Roast cauliflower for best results

SlateNovember 5, 2013 

There are really just two ways to do cauliflower wrong. These are 1) throwing it straight into the garbage and 2) serving it raw as a crudite.

It’s not that raw cauliflower is bad, exactly. It’s just that it’s a shame, maybe even a sin, not to take advantage of the sweet flavors and satisfying textures that emerge when you cook cauliflower. As long as you’re cooking it, though, cauliflower is near-infallible – its ratio of hits to misses is in hit-making record producer Dr. Luke territory – and if you have any sense, you’ll recognize its vegetal perfection and eat it joyously no matter how it’s cooked.

Nonetheless, some cauliflower preparations are more perfect than others. Roasting is the method with the highest ratio of reward to effort. Just toss your florets with a little olive oil, salt and pepper and roast them at 400 degrees until they’re crisp-tender and gently scorched. (Spices or herbs are optional – that’s how self-sufficient a culinary entity cauliflower is.)

One of the most stunning cauliflower dishes I’ve ever eaten, though, is somewhat complicated: a classic French cauliflower gratin, which takes parboiled florets, smothers them in bechamel sauce and cheese, and browns the topping in the oven. The gratin is undeniably a main dish, ushering cauliflower to its rightful place at the center of the table. All you might need to add to it are a green salad, crusty bread and wine.

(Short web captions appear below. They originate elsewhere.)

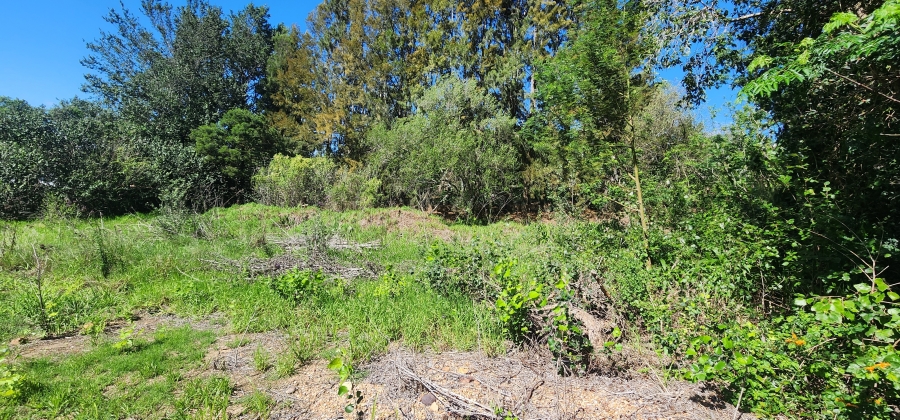 0 Bedroom Property for Sale in Swellendam Western Cape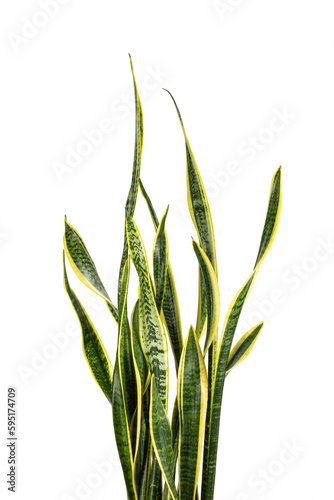 close up of dracaena trifasciata (Sansevieria laurentii or Snake Plant)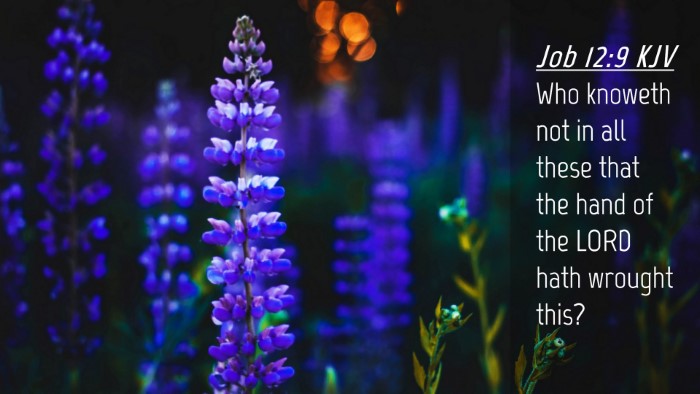 Picture 04 - Job 12:9 KJV Desktop Wallpaper - Who knoweth not in all these that the hand of the - Desktop Bible Verse Wallpaper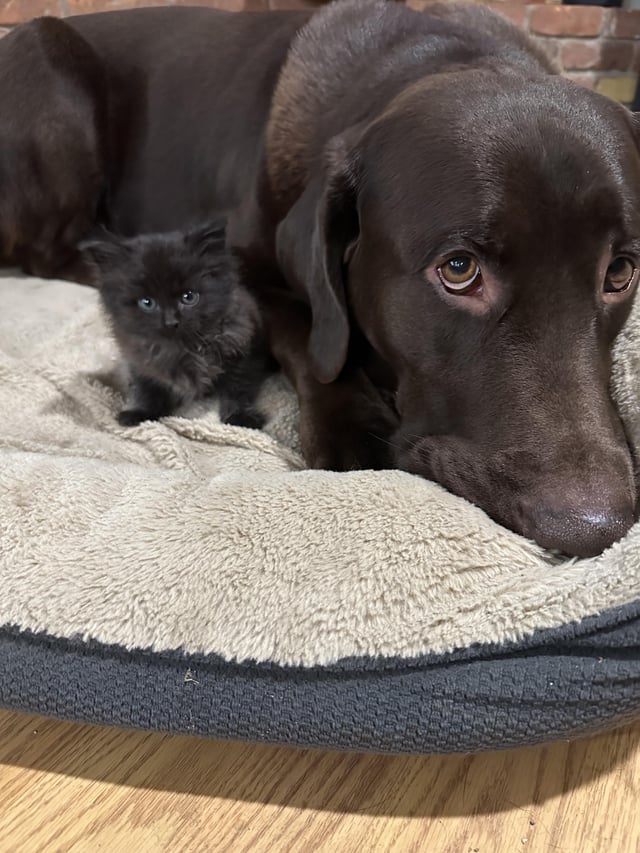 A small black kitten lies next to a large brown dog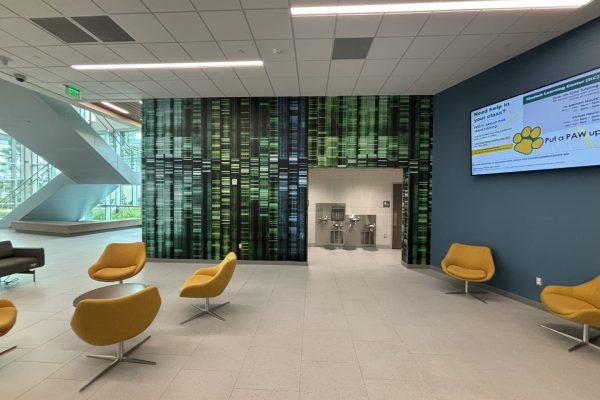 Palm Beach State College_WallMural_Interior_Education (3)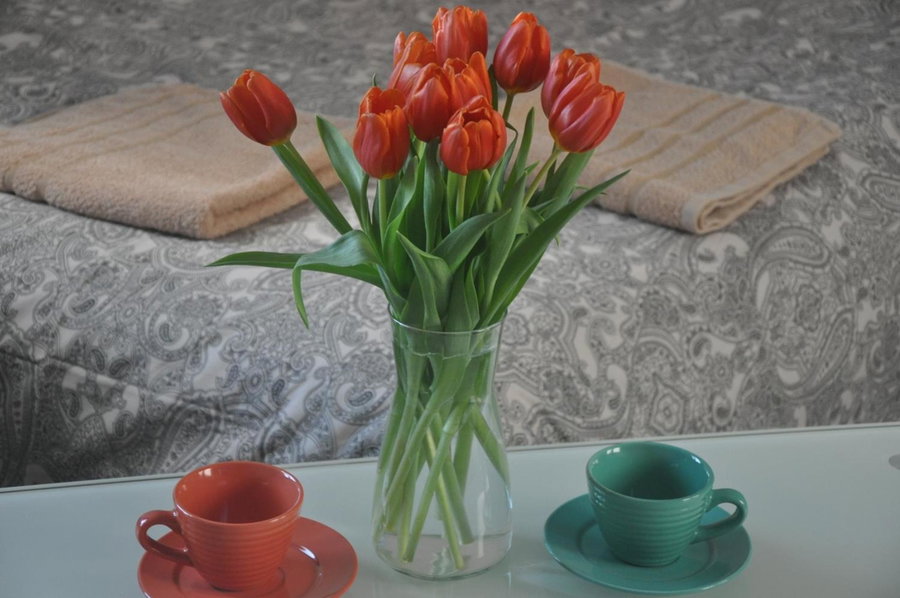 Apartament przy Parku Czartoryskich, Puławy, Poland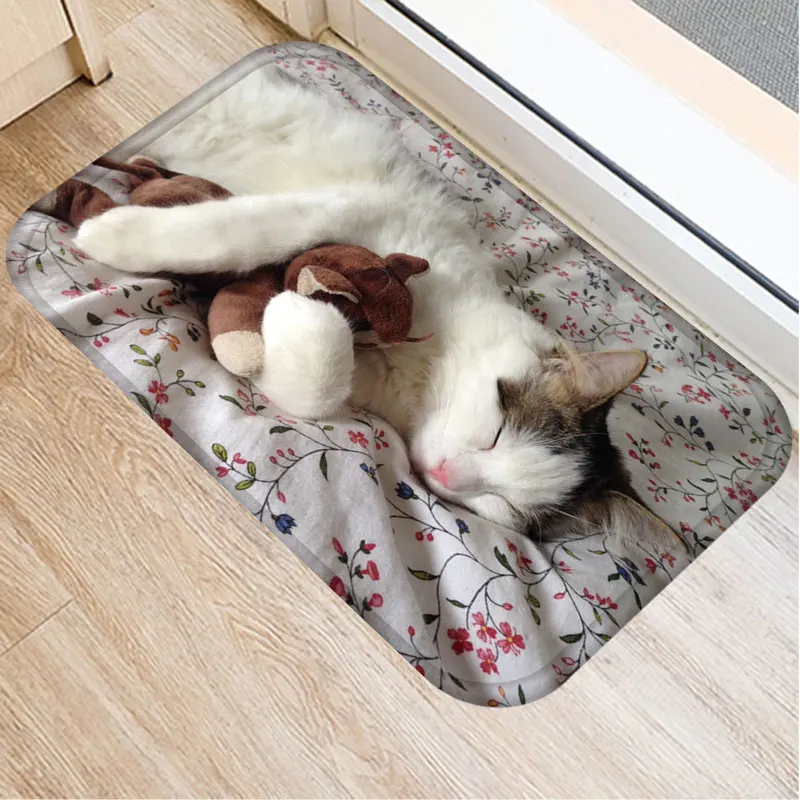 G 1 шт. 40*60 см милый коврик для пола с рисунком кота, нескользящий замшевый Коврик для двери, коврик для дома, кухни, ванной комнаты, гостиной, двери, коврик, 48237 - Цвет: G
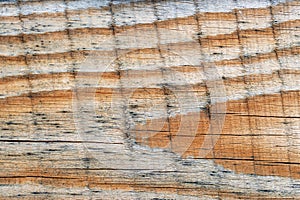 Vintage eroded wood natural pattern. Pine planed boards texture as background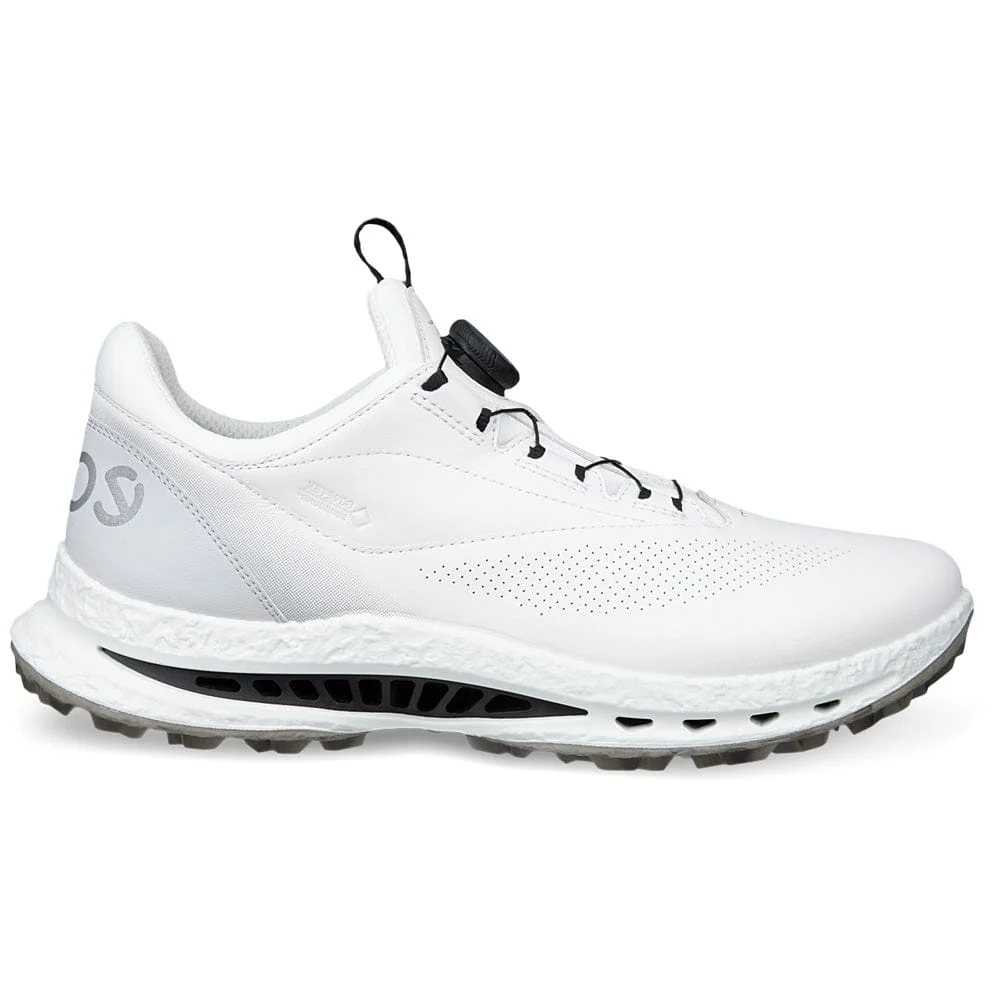 Ecco Biom C5 Boa Gore Tex Spikeless Shoes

The only way to improve on the classic dish is to roast the cauliflower before combining it with the lavish sauce. This way, you get to enjoy the caramelized qualities of roasted cauliflower while also eating a lot of butter and cheese.

As with all gratins, you want your main ingredient to be fully cooked before you combine it with the topping; it will soften somewhat while it’s soaking in bechamel, but not much. The post-bechamel baking period is really just to force the ingredients to get cozy with one another, to make sure everything’s the same temperature, and to melt the cheese.

Roasted Cauliflower Gratin 3 tablespoons unsalted butter, divided 1 cauliflower (about 1 1/2 pounds), separated into florets Salt and black pepper 1 cup whole milk 1/3 cup heavy cream 2 tablespoons all-purpose flour 1/2 cup grated Gruyere cheese (about 2 ounces)

HEAT oven to 375 degrees. Put 1 tablespoon butter in a rimmed baking sheet in the oven. When it melts, add cauliflower, season with salt and pepper, and toss to combine. Roast, stirring occasionally, until florets are mostly tender and lightly browned, 25 to 30 minutes. (Leave the oven on.)

PUT milk and cream in a small saucepan over low heat. As they warm up, put remaining 2 tablespoons butter in a medium saucepan over medium-low heat. When it melts, add flour and cook, whisking constantly, until mixture turns golden brown, 3 to 4 minutes. Gradually whisk warm milk and cream into butter mixture and continue to cook, whisking frequently, until sauce has thickened slightly, about 5 minutes.

TRANSFER cauliflower florets to an 8- or 9-inch square baking dish. Pour the bechamel sauce evenly over the cauliflower. Sprinkle the cheese on top. Bake until the sauce is bubbling and the cheese is golden brown, about 25 minutes.